Seth felt numb and wondered when the hell he’d wake up. This could not be real. His brain was not accepting that this was really happening. He knew his voice sounded soft and weak, emotional shock creeping in. “What are you asking me, dude?”

“I want you to come over for dinner tomorrow night. Don’t call Leah. Just show up at seven. I need to talk to her and break the news to her and tell her what I want to do. I don’t want your answer tonight. I want you to seriously think about this. I want you to move in with us. You can go to school and finish your degree, and I’ll teach you what you need to know to take care of her.” Kaden reached out and grabbed Seth’s arm, his grip almost painfully firm. “Please. I need you to seriously think about this for me.”

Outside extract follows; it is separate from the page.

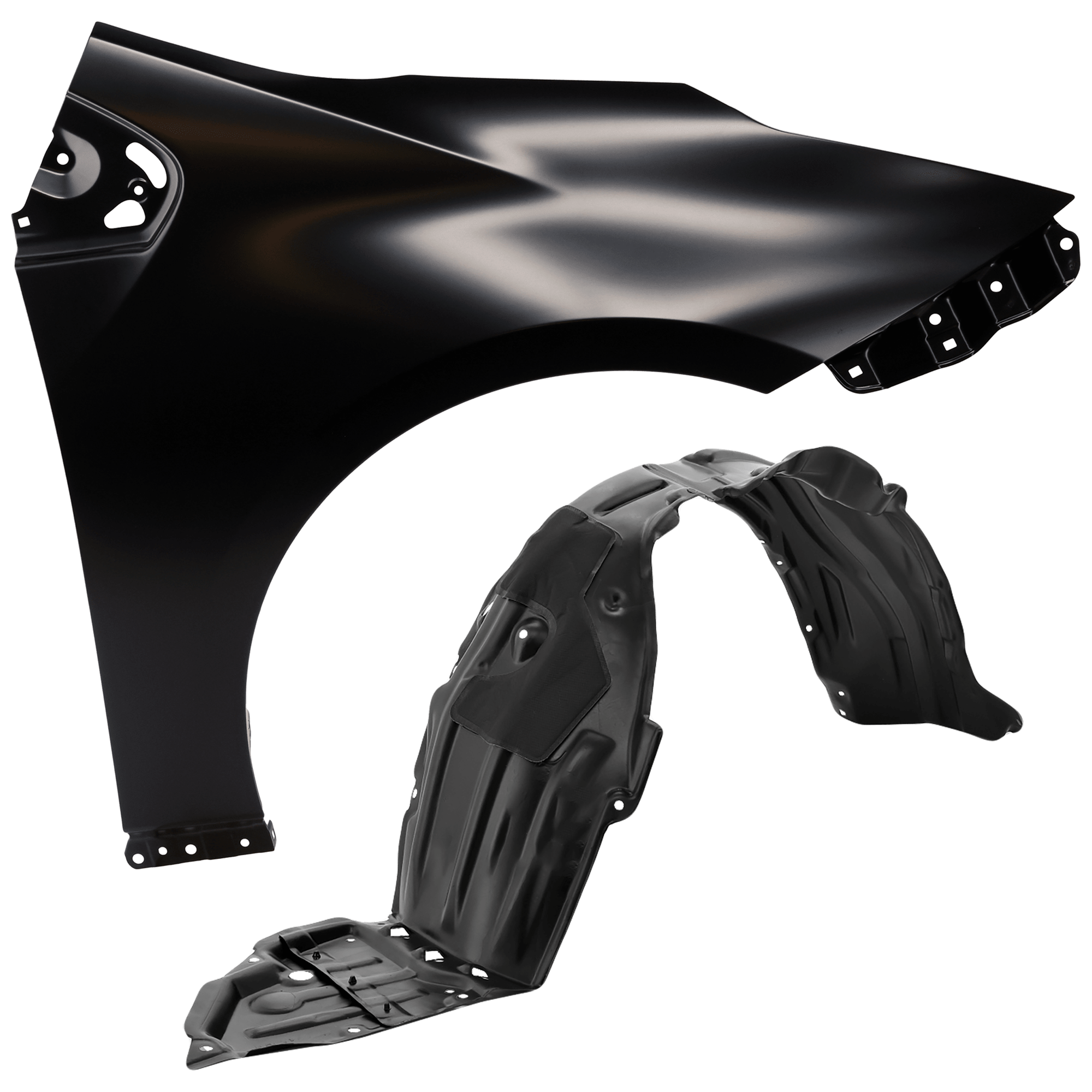 AM PRIUS 16-18 FRONT FENDER RH Primed Steel 2 pc kit with 1 Fender and 1 Fender Liner SKU KIT 050926 AE1585 Partslink TO1241263 TO1249207 OEM 5380147080-5387547070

This was too much for Seth to process at one time. “You’re dropping the bomb on me that you’re dying, and now you’re asking me to, what, fucking beat your wife for you after you die? Are you shitting me?” Not only couldn’t he grasp that Kaden was dying, he couldn’t process that his respectable, successful, soft-spoken and kind-hearted friend of forty years had a secret life Seth knew nothing about.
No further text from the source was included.